The Guardian published an NSA story based on "revelations" from Wayne Madsen, a former NSA employee who has had a prominent and controversial blogworld presence for roughly a decade. The Guardian later took down the story, "pending an investigation."
Looks like someone belatedly told the Guardian's editors about Madsen's oddball history. Time and again, he has frustrated observers by making huge (and I mean huge) claims about hot issues -- but when push came to shove, the only proof he would offer would be his seemingly endless list of invisible, nameless sources. Although Alex Jones features Madsen prominently on his show, I learned a long time ago to treat this man with caution.
Most respectable websites avoid him altogether.

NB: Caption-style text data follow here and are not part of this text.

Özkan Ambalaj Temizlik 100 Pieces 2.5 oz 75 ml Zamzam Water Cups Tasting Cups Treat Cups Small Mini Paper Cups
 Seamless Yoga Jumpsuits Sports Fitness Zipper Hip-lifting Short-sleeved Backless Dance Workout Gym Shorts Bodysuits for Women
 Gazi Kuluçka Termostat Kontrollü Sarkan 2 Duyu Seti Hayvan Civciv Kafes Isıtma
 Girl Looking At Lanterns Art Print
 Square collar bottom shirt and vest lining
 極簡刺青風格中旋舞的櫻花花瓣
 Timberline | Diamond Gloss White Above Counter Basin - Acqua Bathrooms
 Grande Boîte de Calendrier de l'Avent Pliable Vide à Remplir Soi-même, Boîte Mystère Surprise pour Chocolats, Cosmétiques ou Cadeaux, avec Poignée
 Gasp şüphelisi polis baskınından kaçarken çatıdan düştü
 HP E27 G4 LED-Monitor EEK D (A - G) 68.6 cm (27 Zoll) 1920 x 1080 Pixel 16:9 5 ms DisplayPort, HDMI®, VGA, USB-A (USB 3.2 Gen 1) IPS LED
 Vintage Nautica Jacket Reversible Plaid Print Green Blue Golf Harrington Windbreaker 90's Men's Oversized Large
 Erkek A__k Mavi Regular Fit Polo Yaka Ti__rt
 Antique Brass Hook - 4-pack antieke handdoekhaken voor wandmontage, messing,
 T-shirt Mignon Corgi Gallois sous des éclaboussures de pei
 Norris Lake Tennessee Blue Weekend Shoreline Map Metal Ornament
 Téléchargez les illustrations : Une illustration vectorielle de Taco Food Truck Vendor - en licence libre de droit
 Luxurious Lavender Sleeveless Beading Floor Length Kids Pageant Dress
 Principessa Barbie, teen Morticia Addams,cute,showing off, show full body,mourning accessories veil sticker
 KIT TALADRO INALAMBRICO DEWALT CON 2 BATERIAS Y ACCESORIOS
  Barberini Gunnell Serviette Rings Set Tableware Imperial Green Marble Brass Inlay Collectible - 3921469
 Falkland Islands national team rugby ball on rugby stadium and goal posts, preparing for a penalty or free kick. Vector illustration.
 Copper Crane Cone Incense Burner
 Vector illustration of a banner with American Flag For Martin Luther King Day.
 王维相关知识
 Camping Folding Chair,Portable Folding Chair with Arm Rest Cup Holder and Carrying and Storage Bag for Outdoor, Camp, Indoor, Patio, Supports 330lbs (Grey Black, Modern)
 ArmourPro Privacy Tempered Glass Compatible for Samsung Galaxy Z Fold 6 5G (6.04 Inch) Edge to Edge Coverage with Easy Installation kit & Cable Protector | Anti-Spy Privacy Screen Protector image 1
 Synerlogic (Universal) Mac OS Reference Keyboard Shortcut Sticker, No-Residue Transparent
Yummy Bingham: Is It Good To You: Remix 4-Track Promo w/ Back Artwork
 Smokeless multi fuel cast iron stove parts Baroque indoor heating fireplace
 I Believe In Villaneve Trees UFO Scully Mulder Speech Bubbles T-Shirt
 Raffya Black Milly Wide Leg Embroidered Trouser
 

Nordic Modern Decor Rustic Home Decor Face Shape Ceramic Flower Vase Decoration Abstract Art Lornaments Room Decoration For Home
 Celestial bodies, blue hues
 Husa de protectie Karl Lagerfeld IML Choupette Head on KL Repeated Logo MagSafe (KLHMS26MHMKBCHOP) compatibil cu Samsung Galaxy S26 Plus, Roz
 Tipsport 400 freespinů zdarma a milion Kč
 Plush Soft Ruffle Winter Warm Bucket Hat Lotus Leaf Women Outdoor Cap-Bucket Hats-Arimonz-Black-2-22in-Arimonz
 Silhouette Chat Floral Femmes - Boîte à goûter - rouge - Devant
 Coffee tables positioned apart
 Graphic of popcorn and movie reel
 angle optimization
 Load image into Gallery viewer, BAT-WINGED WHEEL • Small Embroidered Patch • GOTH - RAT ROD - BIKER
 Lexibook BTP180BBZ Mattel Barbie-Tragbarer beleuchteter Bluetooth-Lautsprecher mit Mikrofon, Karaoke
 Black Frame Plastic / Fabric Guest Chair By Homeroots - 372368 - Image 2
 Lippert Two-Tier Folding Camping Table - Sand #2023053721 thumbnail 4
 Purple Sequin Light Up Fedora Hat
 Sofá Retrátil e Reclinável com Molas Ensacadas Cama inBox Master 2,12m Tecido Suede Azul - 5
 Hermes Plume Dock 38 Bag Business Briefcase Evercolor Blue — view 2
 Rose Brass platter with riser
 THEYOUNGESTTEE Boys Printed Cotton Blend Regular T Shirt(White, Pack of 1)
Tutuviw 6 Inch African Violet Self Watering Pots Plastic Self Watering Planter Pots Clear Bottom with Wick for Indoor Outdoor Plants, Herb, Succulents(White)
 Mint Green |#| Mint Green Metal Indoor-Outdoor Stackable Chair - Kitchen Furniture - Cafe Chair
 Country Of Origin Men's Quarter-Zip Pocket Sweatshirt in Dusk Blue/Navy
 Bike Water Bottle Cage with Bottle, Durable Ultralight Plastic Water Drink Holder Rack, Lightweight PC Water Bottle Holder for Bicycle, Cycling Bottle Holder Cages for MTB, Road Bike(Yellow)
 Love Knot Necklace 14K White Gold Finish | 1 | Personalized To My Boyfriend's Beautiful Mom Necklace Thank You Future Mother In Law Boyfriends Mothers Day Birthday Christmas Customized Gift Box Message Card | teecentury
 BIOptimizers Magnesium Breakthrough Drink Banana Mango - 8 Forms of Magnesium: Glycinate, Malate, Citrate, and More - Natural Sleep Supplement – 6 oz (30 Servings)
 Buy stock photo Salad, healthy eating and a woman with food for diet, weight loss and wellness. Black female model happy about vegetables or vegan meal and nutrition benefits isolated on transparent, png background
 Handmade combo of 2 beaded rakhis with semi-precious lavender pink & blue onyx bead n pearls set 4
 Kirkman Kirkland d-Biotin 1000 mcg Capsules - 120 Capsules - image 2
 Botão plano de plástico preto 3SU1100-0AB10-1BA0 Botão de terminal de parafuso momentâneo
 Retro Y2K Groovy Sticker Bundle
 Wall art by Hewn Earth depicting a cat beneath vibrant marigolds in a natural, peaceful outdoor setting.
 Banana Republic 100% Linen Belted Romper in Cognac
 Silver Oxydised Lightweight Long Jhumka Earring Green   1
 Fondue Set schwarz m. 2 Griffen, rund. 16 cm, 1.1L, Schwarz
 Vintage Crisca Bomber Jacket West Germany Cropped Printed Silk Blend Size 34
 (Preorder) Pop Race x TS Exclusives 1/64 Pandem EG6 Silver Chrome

In the past, I've put it this way: Madsen is probably right about half the time, but I often don't know which half is which. That assessment may have been a bit too kind, since there have been many occasions when the "hooey factor" was pretty damned obvious.
For example: He claimed that Mossad had some connection with the prosecution of Eliot Spitzer. I don't buy that. Madsen has claimed that Barack Obama is gay. I don't buy that. Madsen has claimed that the Kenyans found a Kenyan birth certificate for our gay President. I don't buy that. He has claimed that the USS Cole was attacked not by Al Qaeda but by an Israeli submarine. I don't buy that.
Madsen is most famous for writing a series of articles on the possibility that both Barack Obama and his mother had CIA backgrounds. (He recently came out with a book on the subject, unread by me.) Madsen took his cue from my own "Obama and the CIA" series, which predated his work. He never saw fit to credit or even to mention me. Perhaps I should consider myself fortunate. At any rate, many of the verifiable claims in Madsen's articles first appeared here (and here and here and here). He also came up with some material that was both original and checkable. I'm grateful for that stuff. And then there are those other claims, the ones that depend on unnamed sources and which thus resist any attempt to double-check. What on earth are we to do with those?
(For example, Madsen thinks that Obama's grandmother had some link to the long-forgotten Rewald scandal. If so, where's the evidence?)
The current Madsen imbroglio will do nothing to aid the Guardian's credibility. Pity, that. Unlike the nonsensical claims listed above, the things Madsen had to say about NSA collusion with foreign agencies were much more plausible. Hell, just a week ago, I wrote about NSA's longstanding data-sharing agreements with its British counterpart, GCHQ; those agreements can be traced back to 1947. But spook-watchers have known about that stuff for a couple of decades, so it's not as though we're talking about anything truly new here.